Closed rsimon closed 6 years ago
Sorry to reopen this, but I am experiencing the problem of unordered annotations with files imported from TEI XML. I am not sure about the filepart since i've been dealing with small texts so far.
Hi Chiara, yes indeed that's a known issue. The ordering does not work for TEI documents. I'm happy to keep the issue open - and I'd be excited if someone else would be willing to pick this up. But, as for myself, I won't have the time to look into it anytime soon.
To explain the issue: for plaintext annotations, sorting is straightforward, since the character offset is part of the annotation anchor. So all we need to sort them by text sequence is there. For TEI, the position of the annotations is denoted by XPath expressions. It might be possible to sensibly sort XPath pointers I guess. But I didn't have time to think the issue through yet. It might well be that the only reliable way to sort TEI annotations is to first compute the character offsets (from the text + XPath). I.e. it's quite a bit more difficult to sort them.

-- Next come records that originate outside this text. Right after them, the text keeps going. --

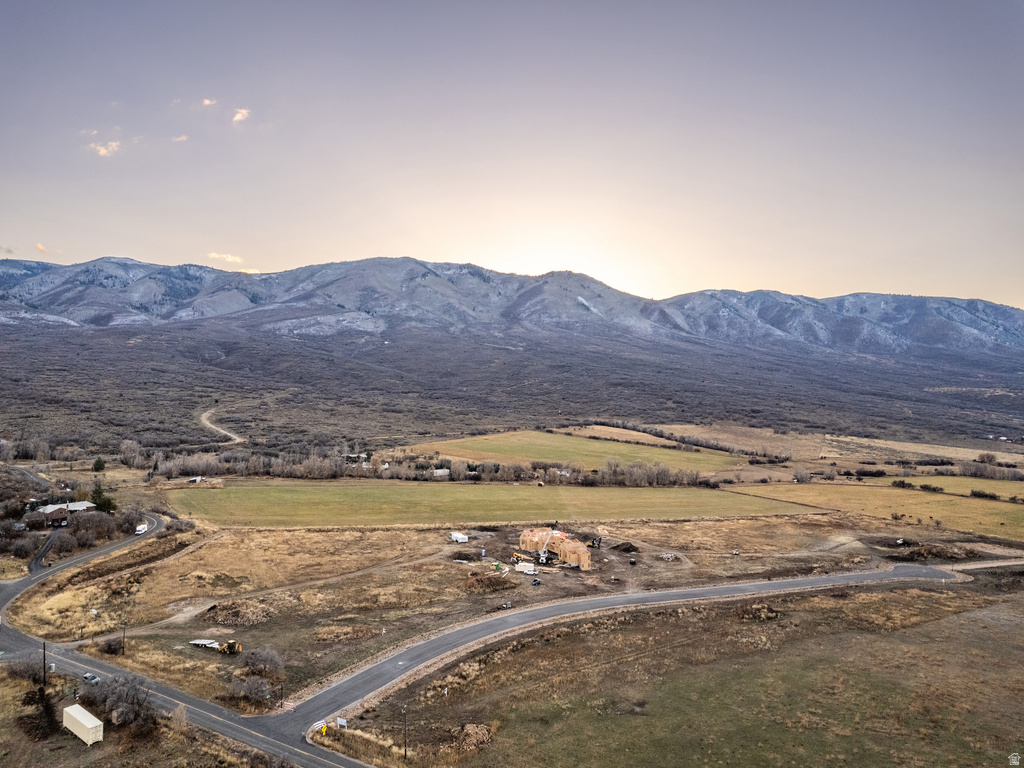 988 E HIGH MEADOW CIR Wallsburg, UT 84082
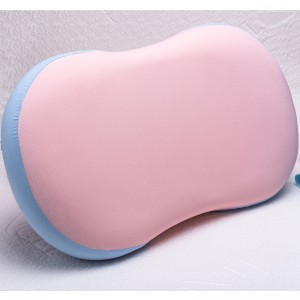 Pěna polštář s tvarem kočky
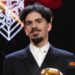 Vitinha: «My biggest reference was Iniesta and then Modric»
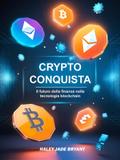 Crypto conquista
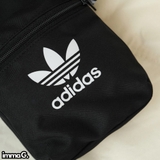 BAG ADIDAS CLASSIC FESTIVAL BLACK - IJ0765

As I said: it would be great if someone would be willing to pick this up. Otherwise I'm afraid it needs to stay open for the foreseeable time.
When exporting to CSV, annotations are currently unordered. That should be changed. (Although it's not a huge issue.) A bigger issue, however, is that the CSV currently doesn't include the filepart info. That means it's not possible to tell apart which annotations are from which file, in case the document has multiple files. Somewhat interesting that no-one has explained about this yet. But, anyways, not difficult to fix.